• _WHAT YOU ARE ASKED TO DO_
Copy out the data from the line containing "Niño Fútbol Camiseta" to its last line, exactly. No pictures.

↓

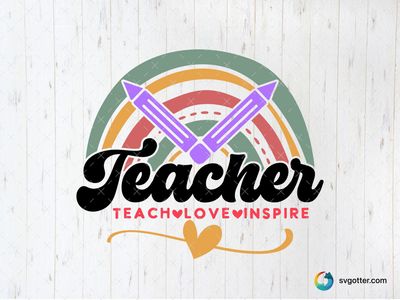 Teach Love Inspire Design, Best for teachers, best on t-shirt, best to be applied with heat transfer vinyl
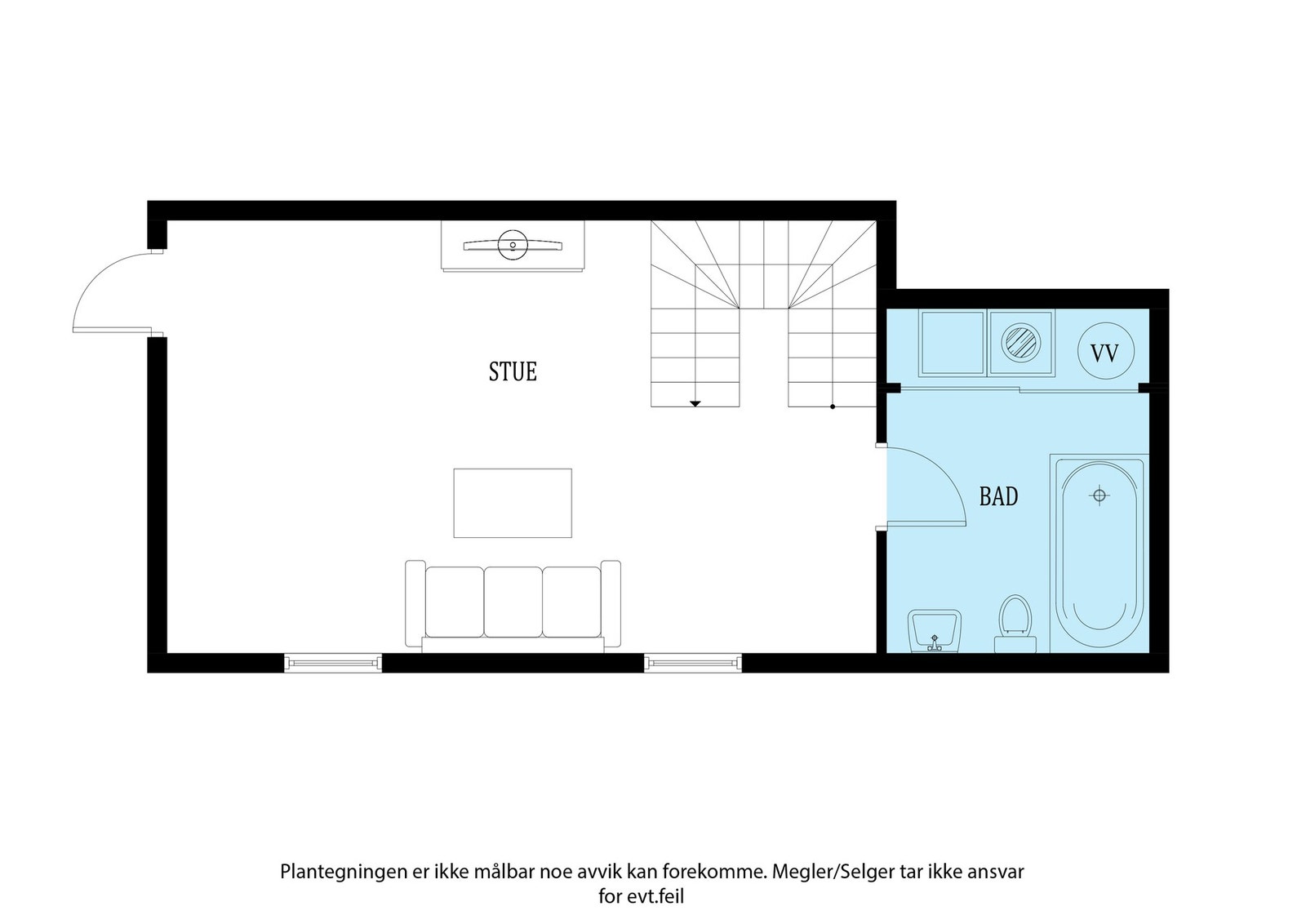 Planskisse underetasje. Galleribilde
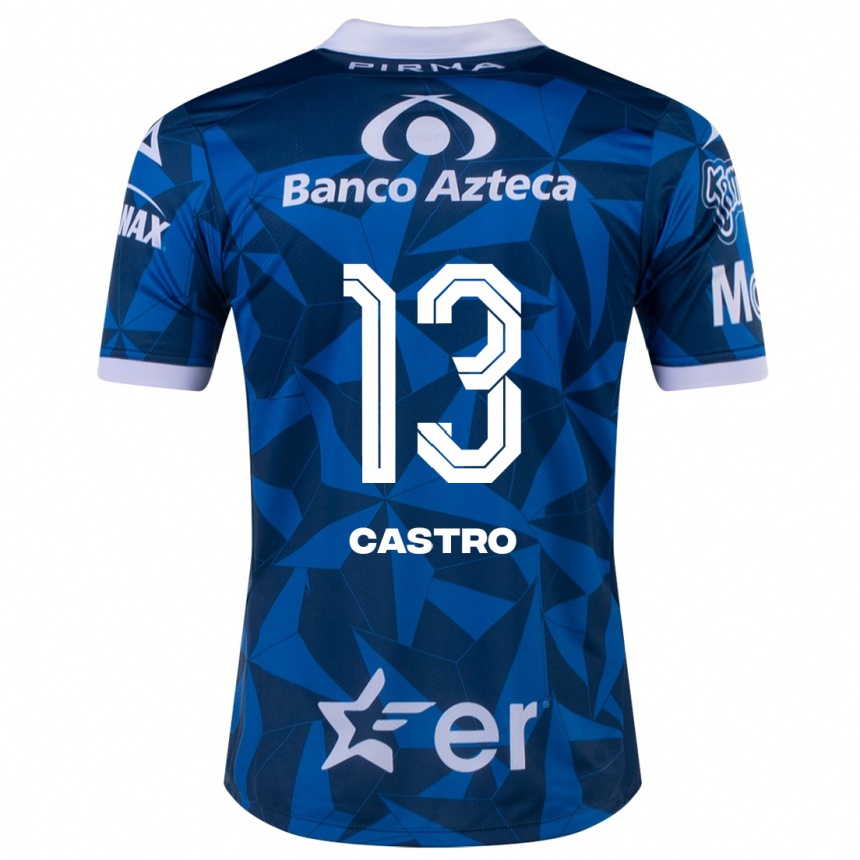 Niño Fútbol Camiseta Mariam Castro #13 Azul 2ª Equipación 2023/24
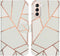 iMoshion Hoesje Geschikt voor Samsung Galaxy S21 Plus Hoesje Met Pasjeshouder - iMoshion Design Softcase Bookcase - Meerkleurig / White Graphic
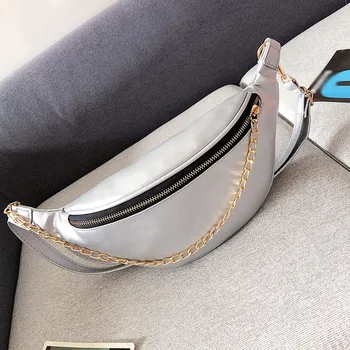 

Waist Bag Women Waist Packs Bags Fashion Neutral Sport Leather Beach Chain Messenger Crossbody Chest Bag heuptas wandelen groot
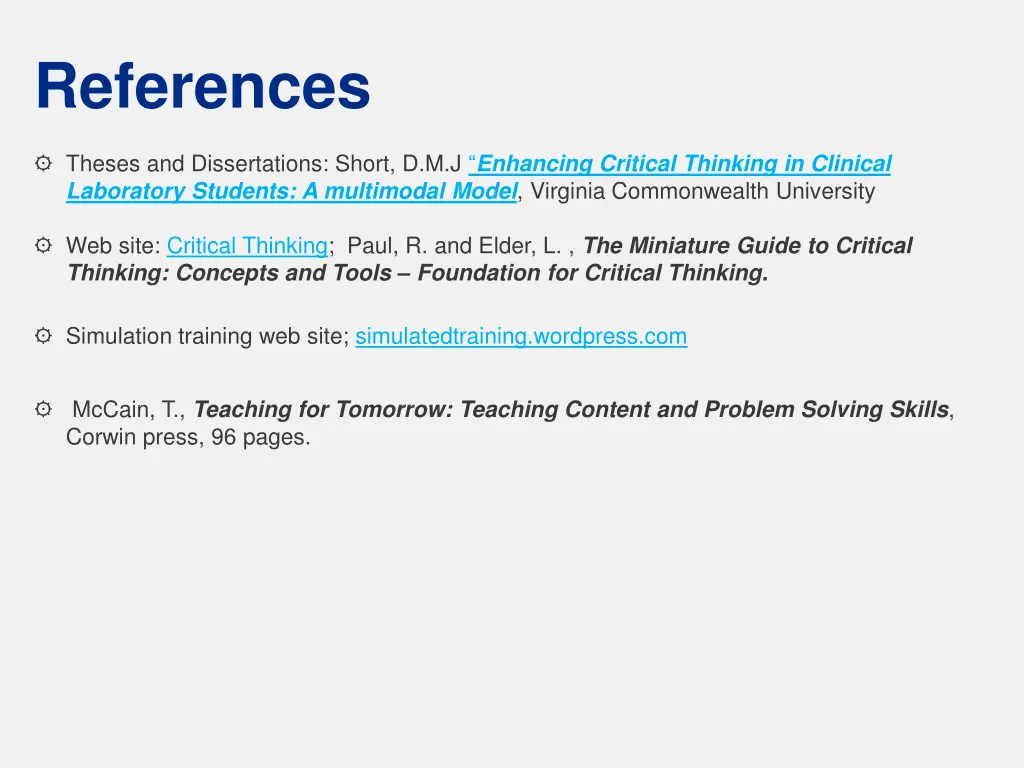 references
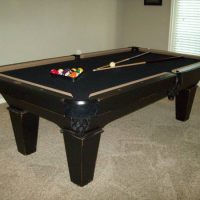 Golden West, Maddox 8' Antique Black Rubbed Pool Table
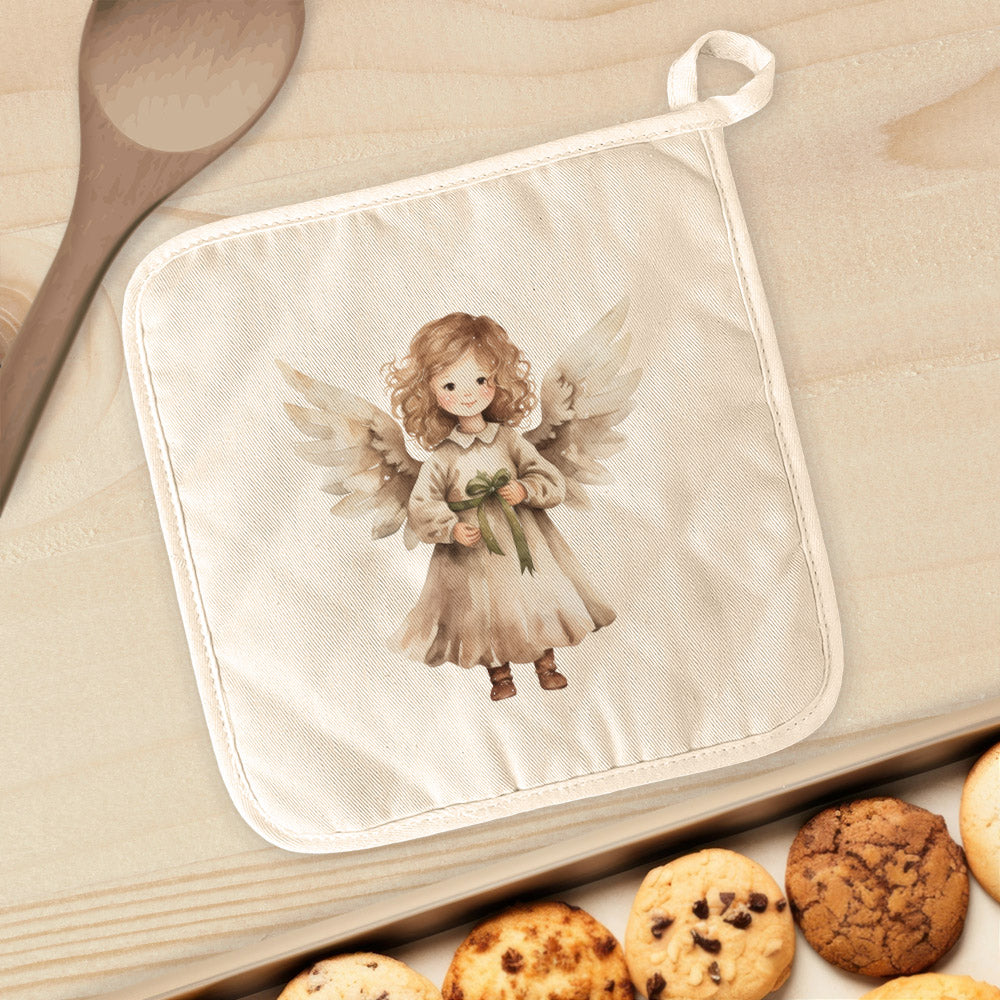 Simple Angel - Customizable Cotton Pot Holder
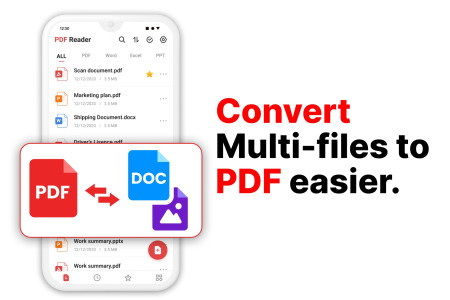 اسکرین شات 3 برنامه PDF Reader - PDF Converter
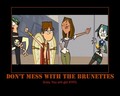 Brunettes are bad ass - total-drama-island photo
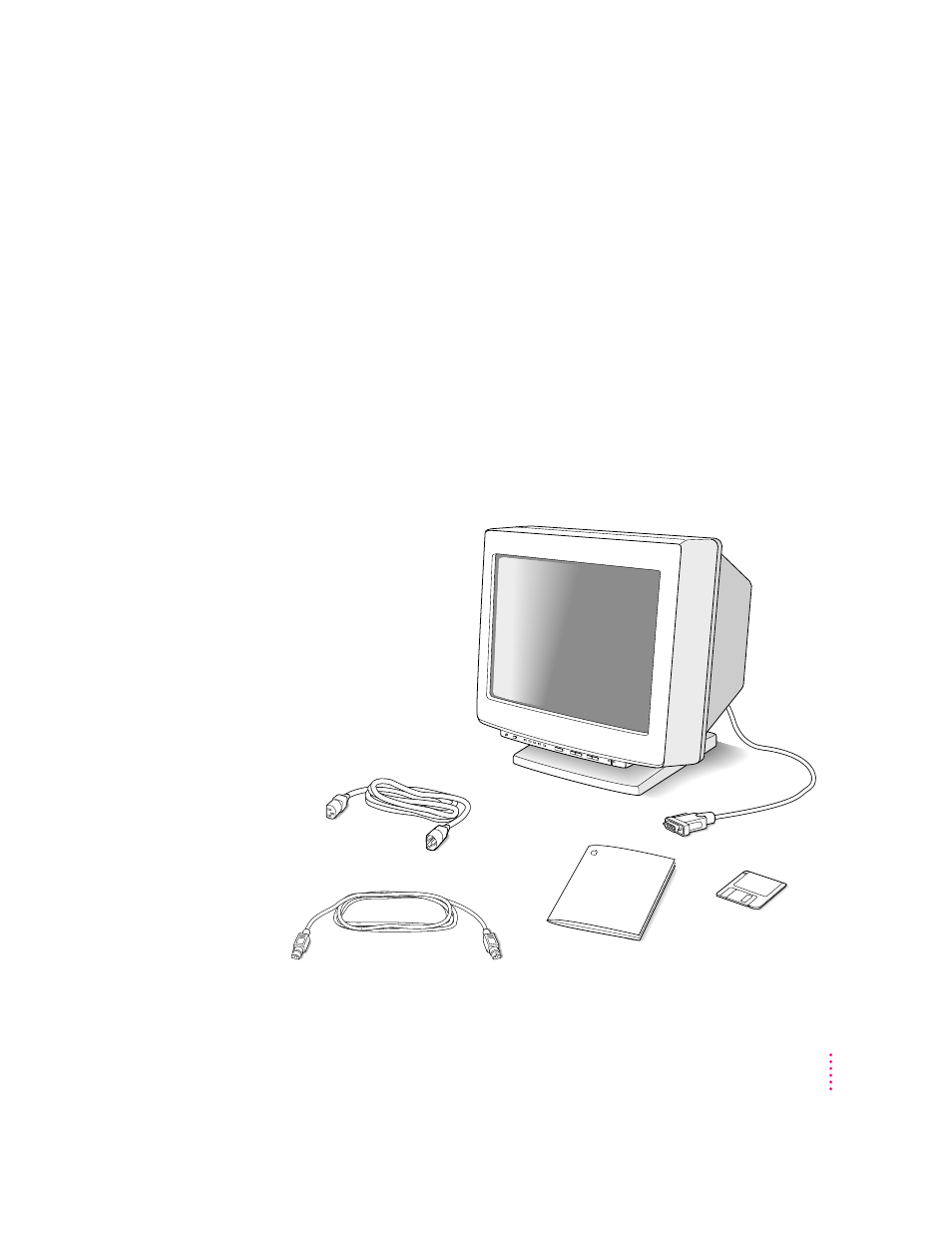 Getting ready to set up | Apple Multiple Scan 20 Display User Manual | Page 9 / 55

↑

• _REPLY TO THE TASK_
 Niño Fútbol Camiseta Mariam Castro #13 Azul 2ª Equipación 2023/24
 iMoshion Hoesje Geschikt voor Samsung Galaxy S21 Plus Hoesje Met Pasjeshouder - iMoshion Design Softcase Bookcase - Meerkleurig / White Graphic

Waist Bag Women Waist Packs Bags Fashion Neutral Sport Leather Beach Chain Messenger Crossbody Chest Bag heuptas wandelen groot
 references
 Golden West, Maddox 8' Antique Black Rubbed Pool Table
 Simple Angel - Customizable Cotton Pot Holder
 اسکرین شات 3 برنامه PDF Reader - PDF Converter
 Brunettes are bad ass - total-drama-island photo
 Getting ready to set up | Apple Multiple Scan 20 Display User Manual | Page 9 / 55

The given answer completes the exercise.